MOFs及其功能化改性材料对PFOA吸附的构效关系与作用机理研究

As a group of emerging persistent organic pollutants，perfluoroalkyl substances (PFASs) has aroused a growing public concern due to their widespread distribution and health hazards. Metal-organic frameworks (MOFs), a novel adsorbent with large specific surface area and excellent pore characteristics, has a great potential for the removal of PFASs in water. In this study, the adsorption mechanisms as well as the structure-adsorption correlations between different MOFs and perfluorooctanoic acid (PFOA), one of the most commonly detected PFASs in the environment, will be investigated. In addition, two modification strategies, including using different percentages of aminated organic ligands to synthesize MOFs and making different amine ligands grafted on coordinatively unsaturated metal centers of MOFs, to improve their adsorption capacity, will be explored. The differences of PFOA adsorption capacity by the modified MOFs using two approaches will be identified and explained. Furthermore, the coupling mechanisms among the amount of amino group grafted, MOFs structures, adsorption capacity and mechanisms will be established, to clarify the synergistic/antagonistic effect of amino group decoration. Furthermore, the effect of composed iron oxide nanoparticles on the adsorption capacity of amino MOFs for PFOA will be studied to explore the magnetic separation of the adsorbent. Finally, effective elution methods of PFOA will be studied for the regeneration of functional MOFs. The results in this study will provide fundamental understanding for the MOFs applications in PFASs remediation.
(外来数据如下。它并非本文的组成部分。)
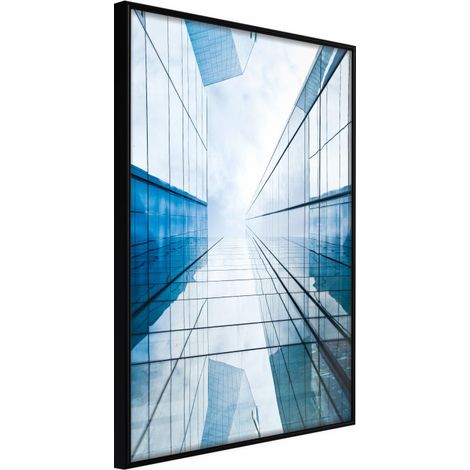 Affiche Murale Encadrée "Steel and Glass Blue" 30 x 42 cm Noir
作为新兴持久性有机污染物，全氟化合物(PFASs)的广泛分布和健康危害已引起公众日益关注。本项目拟以水体中典型PFASs种类全氟辛酸(PFOA)为目标污染物，研究新型吸附剂金属-有机骨架材料(MOFs)对PFOA的吸附性能与构效关系，探索吸附作用机制；为进一步提高吸附性能，将分别采用胺基结合MOFs材料不同比例的有机配体、多种胺类物质嫁接MOFs材料金属离子两种基团修饰策略进行功能化改性，解析不同修饰策略导致MOFs材料吸附PFOA性能的差异及原因，探索胺基修饰量与MOFs材料功能结构、吸附性能和作用机理的关联耦合机制，阐明胺基修饰的协同/拮抗作用机理；研究氧化铁纳米颗粒负载对胺基化MOFs材料吸附性能的影响机制，探索材料的磁性分离与回收，研究经济高效的PFOA洗脱方法，评估功能化MOFs材料的再生与循环利用性能，从而为地下水和地表水中PFASs的污染修复技术提供科研借鉴与技术支持。

本项目以全氟/多氟化合物（PFASs）为目标污染物，以研发金属-有机骨架（MOFs）及其功能化改性材料为核心，借助宏观吸附实验以及晶体结构、官能团、比表面积、元素能谱等微观表征技术，取得以下创新成果：1）从升温程序、滤洗除杂两方面改进MOFs制备活化方法，研发3种柔性菱形孔道材料MIL-53(Al)、MIL-53(Fe)、MIL-53(Cr)和2种刚性足球状孔笼材料MIL-101(Fe)、MIL-101(Cr)，进一步筛选出高吸附性能材料MIL-101(Cr)。2）液膜扩散是MIL-101(Cr)吸附PFASs的关键限速步骤。具有磺酸基团、较短碳链、支链和醚键等分子特征的PFASs吸附量较高，但碳链上存在部分H原子的PFASs吸附量较低。非专性吸附为关键机制，主要体现在PFASs的C-F、C-O与MIL-101(Cr)有机配体间的静电及氢键作用；PFASs的羧基和磺酸基也可与MIL-101(Cr)中心铬离子形成络合物。PFASs单个C（S）基团平均电负性与MIL-101(Cr)吸附量间符合逻辑斯蒂方程。3）通过热合成法分别将乙二胺（ED）、三(2-氨基乙基)胺（TEMA）修饰到MIL-101(Cr)，可增加作用位点与静电吸附，大幅提高PFASs吸附量；其中MIL-101(Cr)-TEMA对PFOA、PFOS吸附量高达2407μmol/g、3773μmol/g。4）0.8mg/L MIL-101(Cr)对总浓度为114μg/L PFASs去除率超过75%。针对PFASs同分异构体，MIL-101(Cr)对支链构型吸附去除率高于直链构型。基于离子竞争吸附和疏水作用研发了高效洗脱剂， MIL-101(Cr)循环利用3次后仍可达初始吸附量76.8%。本项目探究了MOFs及其功能化改性材料对PFASs吸附的性能、机理与构效关系，为高效净化材料和快速监测探针研发提供理论基础与技术支撑。